ERROR during symbolic factorization: -2
TEST FAILED

Distributed Verison

compile line - mpiicpc -Wall -DMKL_ILP64 -I$MKLROOT/include cl_solver_unsym_distr_c.c -Wl,--start-group "$MKLROOT/lib/intel64"/libmkl_blacs_intelmpi_ilp64.a "$MKLROOT/lib/intel64"/libmkl_intel_ilp64.a "$MKLROOT/lib/intel64"/libmkl_core.a "$MKLROOT/lib/intel64"/libmkl_intel_thread.a -Wl,--end-group -L "$MKLROOT/../compiler/lib/intel64" -liomp5 -mt_mpi -lm

Output -

===================================================================================
= BAD TERMINATION OF ONE OF YOUR APPLICATION PROCESSES
= PID 43904 RUNNING AT smic1
= EXIT CODE: 11
= CLEANING UP REMAINING PROCESSES
= YOU CAN IGNORE THE BELOW CLEANUP MESSAGES
===================================================================================

===================================================================================
= BAD TERMINATION OF ONE OF YOUR APPLICATION PROCESSES
= PID 43904 RUNNING AT smic1
= EXIT CODE: 11
= CLEANING UP REMAINING PROCESSES
= YOU CAN IGNORE THE BELOW CLEANUP MESSAGES
===================================================================================
Intel(R) MPI Library troubleshooting guide:
https://software.intel.com/node/561764
===================================================================================

If this works on you machine then there might be a problem with the underlying system, which I have minimal control over. If that is the case, Does the Intel Compiler use system installed libraries for C++/C/Fortran? If so what versions do you have? Also what version of linux? We are on an Redhat Enterprise Edition.

Ying_H_Intel · ‎07-25-2017

Hi William,

Just let you know, i can reproduce the problems you reported

For example,

build the cl_solver_unsym_distr_c.c . get = EXIT CODE: 11
Build the cl_solver_unsym_c.c get ERROR during symbolic factorization: -2
TEST FAILED

The issue was escalated to our developer, i will keep you update if any news.

Best Regards,

Ying

William_D_2 · ‎08-28-2017

Ying,

Sorry to bump this but i am getting to the point of no return on my project. Do you have any updates on the progress of this fix? If it is not going to be repaired soon I will need to switch solvers (and rework a significant portion of my program).

Thanks,

Will

Ying_H_Intel · ‎08-31-2017

Hi Will,

The issue is fixed. It was targeted to be release in MKL 2018 update 1. You may note the announcement of release in the forum.

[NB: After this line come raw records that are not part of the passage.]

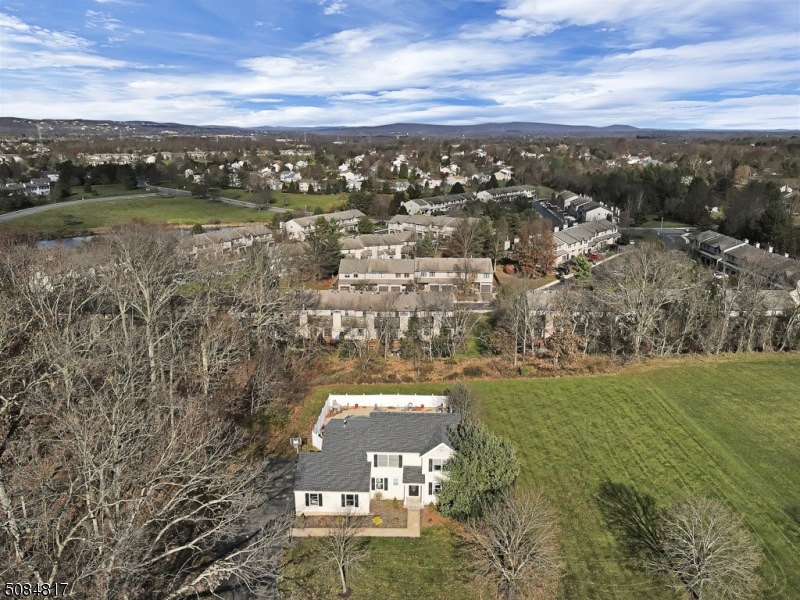 16 Twin Pointe Rd, Flemington, NJ 08822 - photo 1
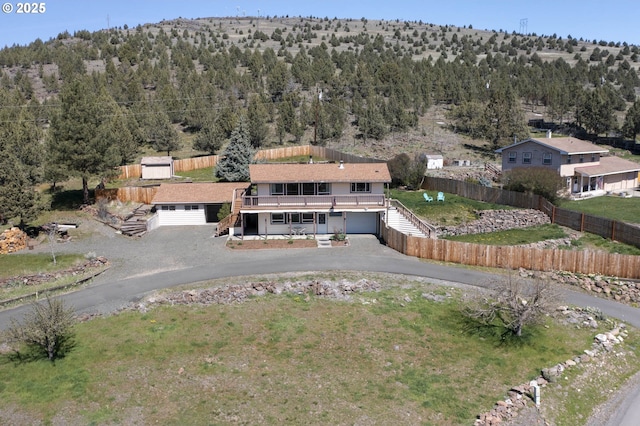 bird's eye view featuring a wooded view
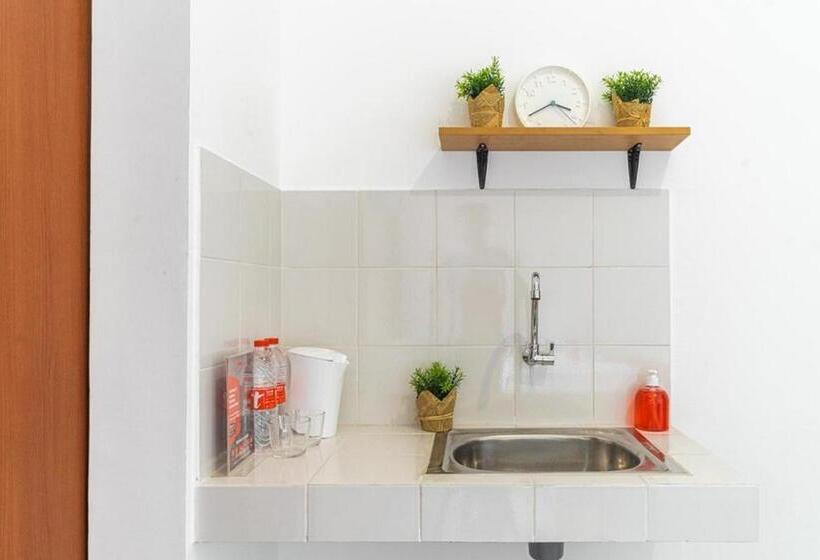 Пансион Reddoorz Plus @ Ecohome Citra Raya Tangerang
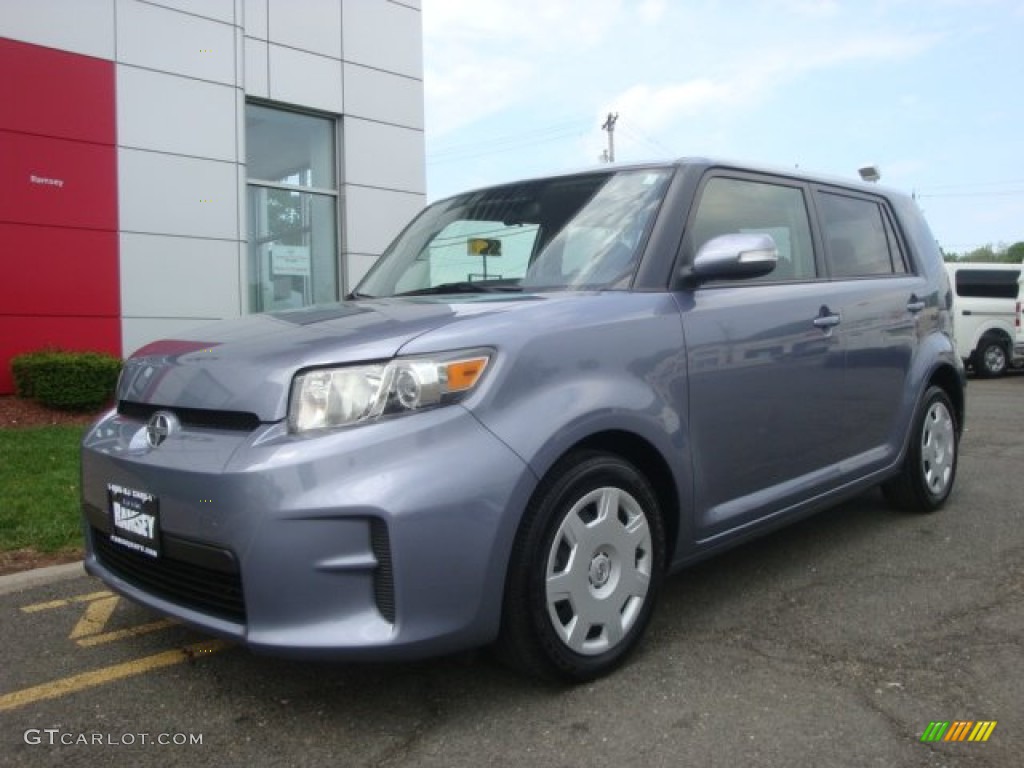 2012 xB  - Stingray Metallic / Dark Gray photo #1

If any questions, please go to on-line server center http://www.intel.com/supporttickets for more information.

Thanks

Ying

William_D_2 · ‎09-01-2017

I will try to join up with the beta program. This would save me a large headache.

William_D_2 · ‎09-03-2017

Ok last question, related to the beta program. How long before this fix will appear in the beta tests. I just installed the beta compilers and am still getting the same error with your example.

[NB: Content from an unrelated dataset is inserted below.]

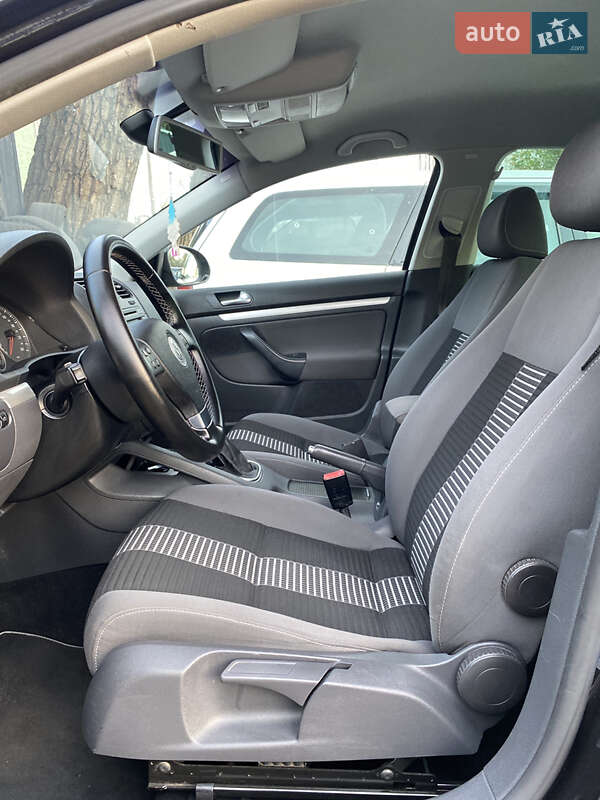 Седан Volkswagen Jetta 2008 в Володимирці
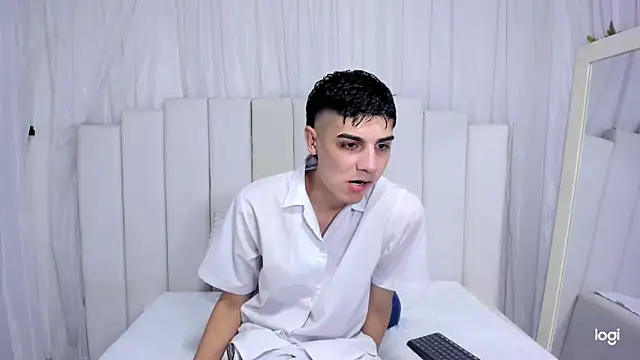 frank jhonsson online show from October 2025 04:52:01 PM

Gennady_F_Intel · ‎09-04-2017

William,

beta program is finished one month ago. Right now we are final stage of preparation the newest version of MKl 2018 which we are planning to release within a few weeks. We will post an announcement at the top of this forum when this will happen.

wbr, Gennady

William_D_2 · ‎10-08-2017

Ok last bump I promise.

Was there any change the patch was released as part of 2017 update 5? I am kinda under the gun with completing my project and I think the Intel solver is the only way to do it.

Ying_H_Intel · ‎10-10-2017

Hi William,

i checked again. The issue is supposed to be fixed in 2018 update 1, which should be ready in Nov. Is it ok for your project?

If very urgent, please create one ticket in official https://software.intel.com/en-us/support/online-service-center.

Best Regards,

Ying

William_D_2 · ‎11-17-2017

OK ran the posted examples that are broken, again using the 2018 update 1 Parallel Studio XE Cluster Edition. It failed on both Windows and Linux. Are we sure the patch got released?